## [Extracted material]

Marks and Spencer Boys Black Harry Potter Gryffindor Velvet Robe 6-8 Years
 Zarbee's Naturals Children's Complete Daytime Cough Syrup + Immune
--
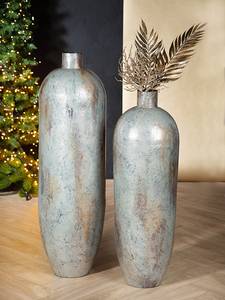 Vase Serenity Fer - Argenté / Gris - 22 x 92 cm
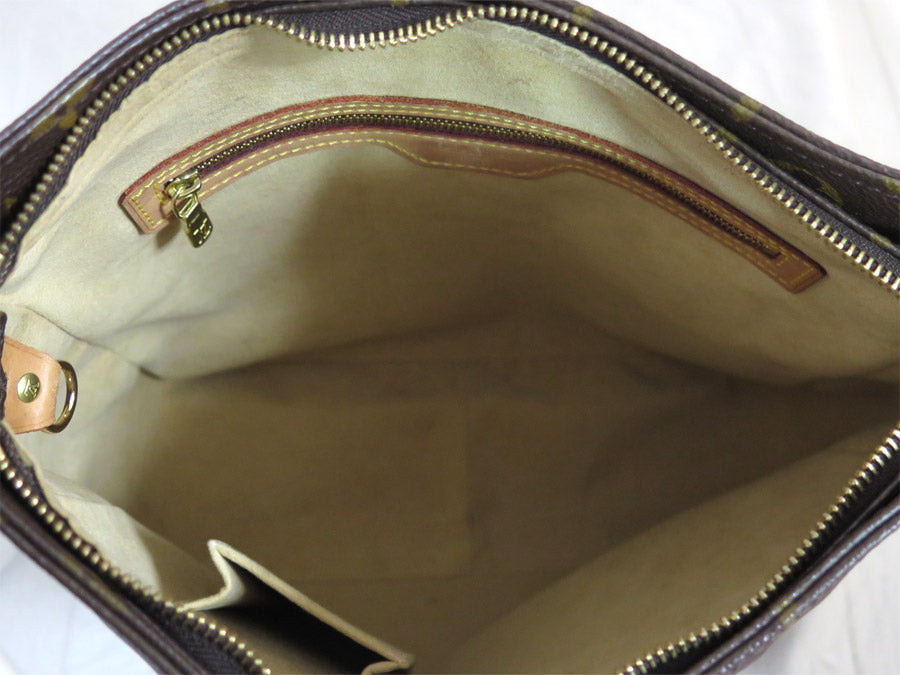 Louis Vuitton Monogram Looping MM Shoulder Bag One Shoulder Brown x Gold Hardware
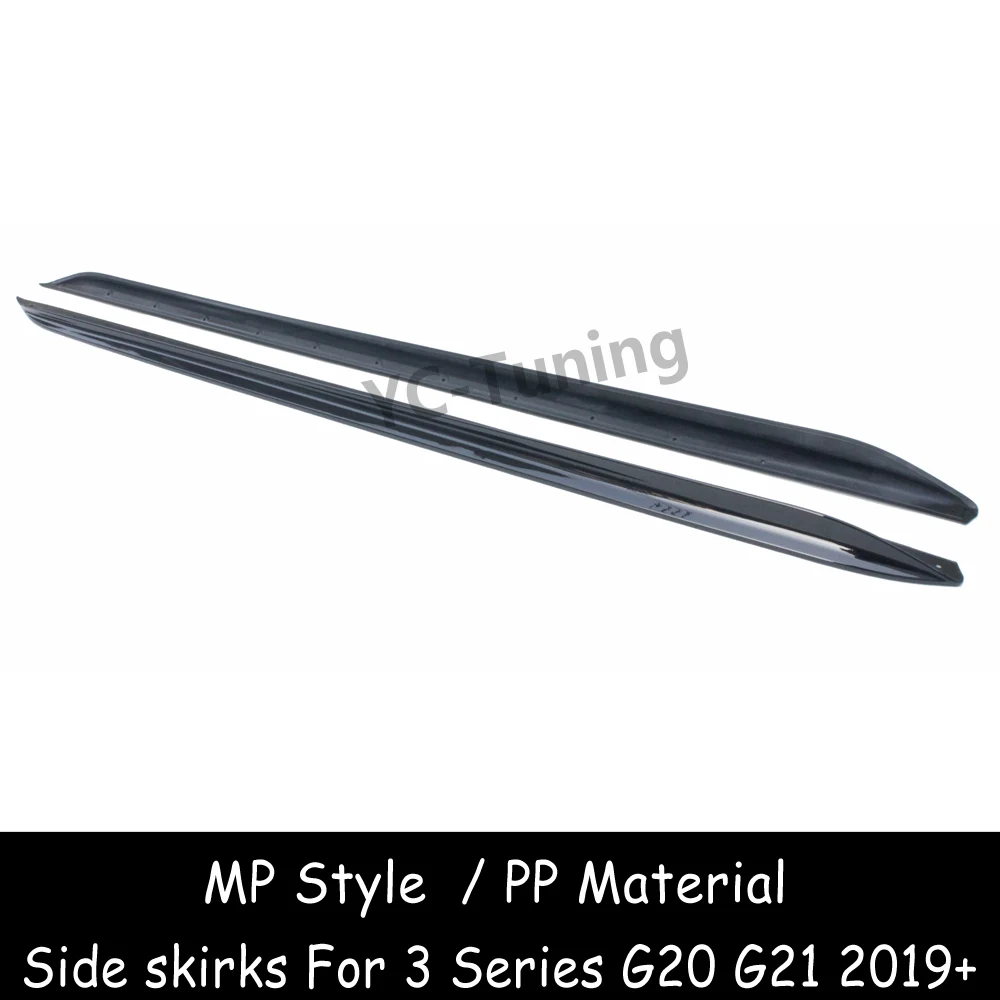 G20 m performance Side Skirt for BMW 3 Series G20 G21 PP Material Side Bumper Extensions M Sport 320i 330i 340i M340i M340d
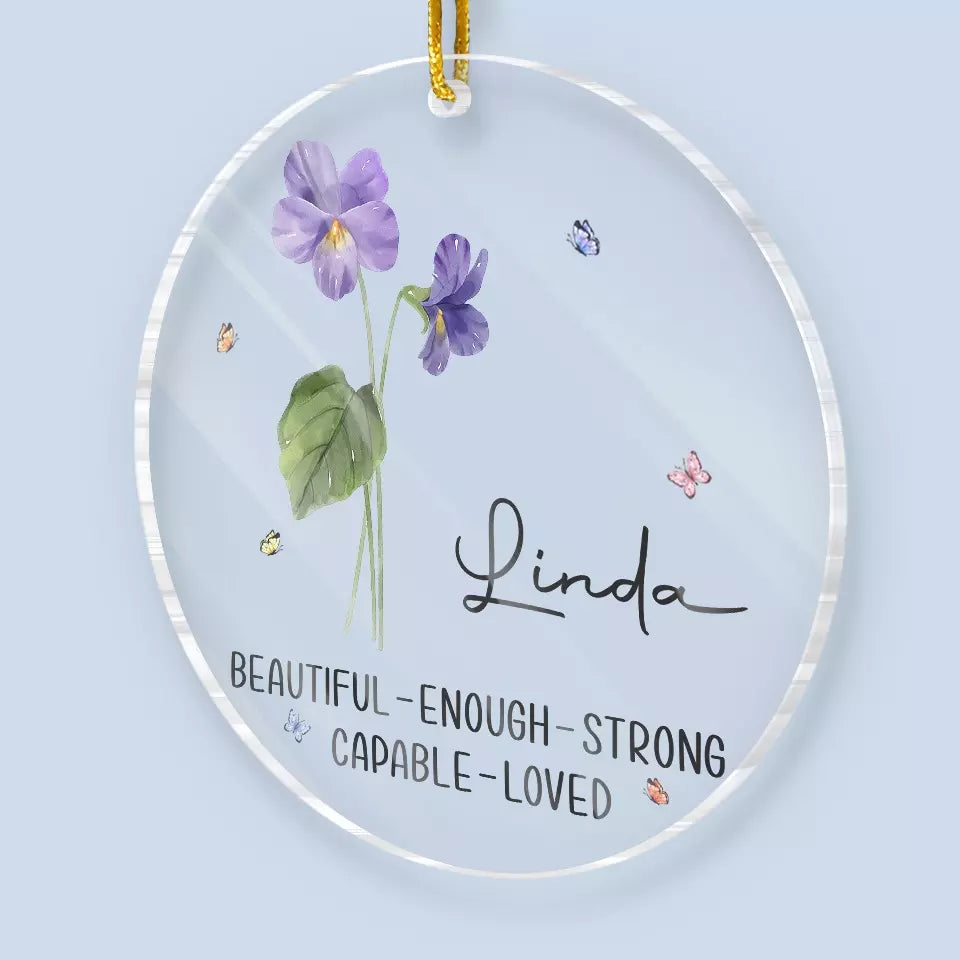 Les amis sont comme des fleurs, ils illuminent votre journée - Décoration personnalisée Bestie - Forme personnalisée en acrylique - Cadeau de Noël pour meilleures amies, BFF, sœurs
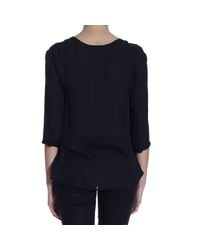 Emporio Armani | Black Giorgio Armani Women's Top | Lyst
--
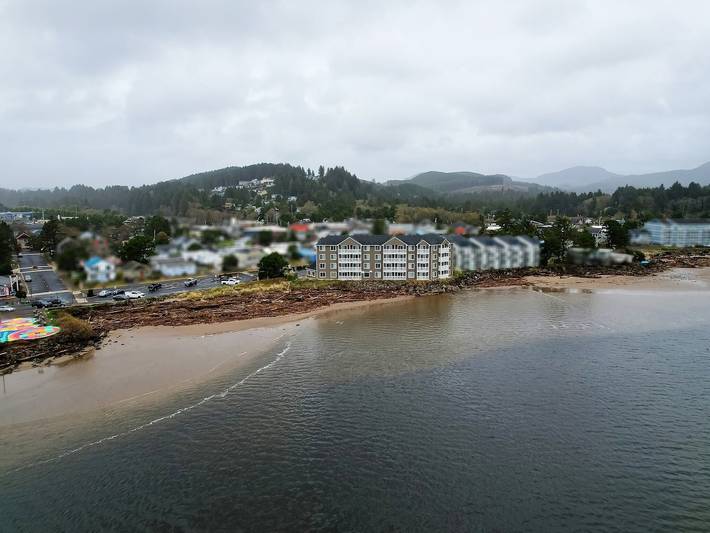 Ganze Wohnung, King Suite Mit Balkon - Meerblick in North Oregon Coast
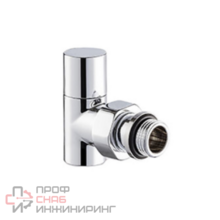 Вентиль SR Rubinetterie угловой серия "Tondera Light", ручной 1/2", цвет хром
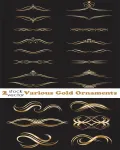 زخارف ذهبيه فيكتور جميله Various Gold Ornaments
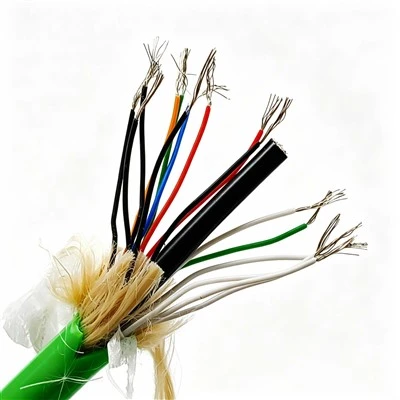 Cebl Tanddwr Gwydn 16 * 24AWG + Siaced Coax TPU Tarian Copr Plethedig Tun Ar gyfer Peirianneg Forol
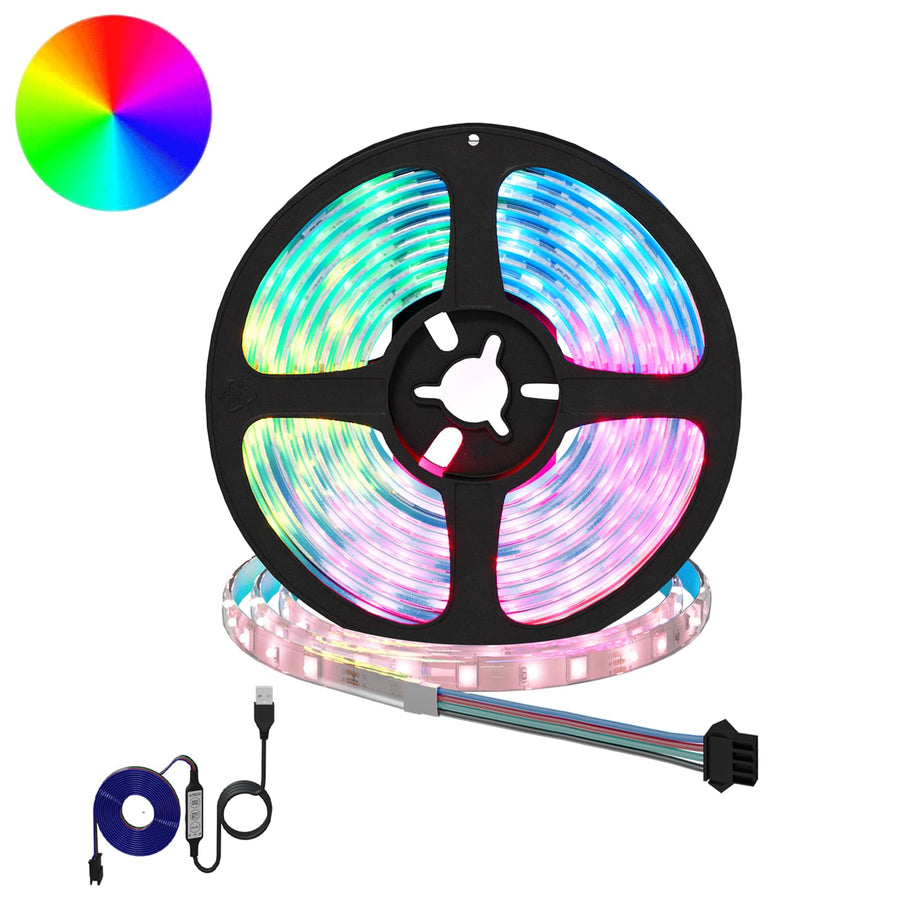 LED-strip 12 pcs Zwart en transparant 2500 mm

## [Exercise]
From the records above, copy only the lines running from the line holding "Les amis sont" through the line holding "Emporio Armani |", with no pictures.

## [Response to the task]
 Les amis sont comme des fleurs, ils illuminent votre journée - Décoration personnalisée Bestie - Forme personnalisée en acrylique - Cadeau de Noël pour meilleures amies, BFF, sœurs
 Emporio Armani | Black Giorgio Armani Women's Top | Lyst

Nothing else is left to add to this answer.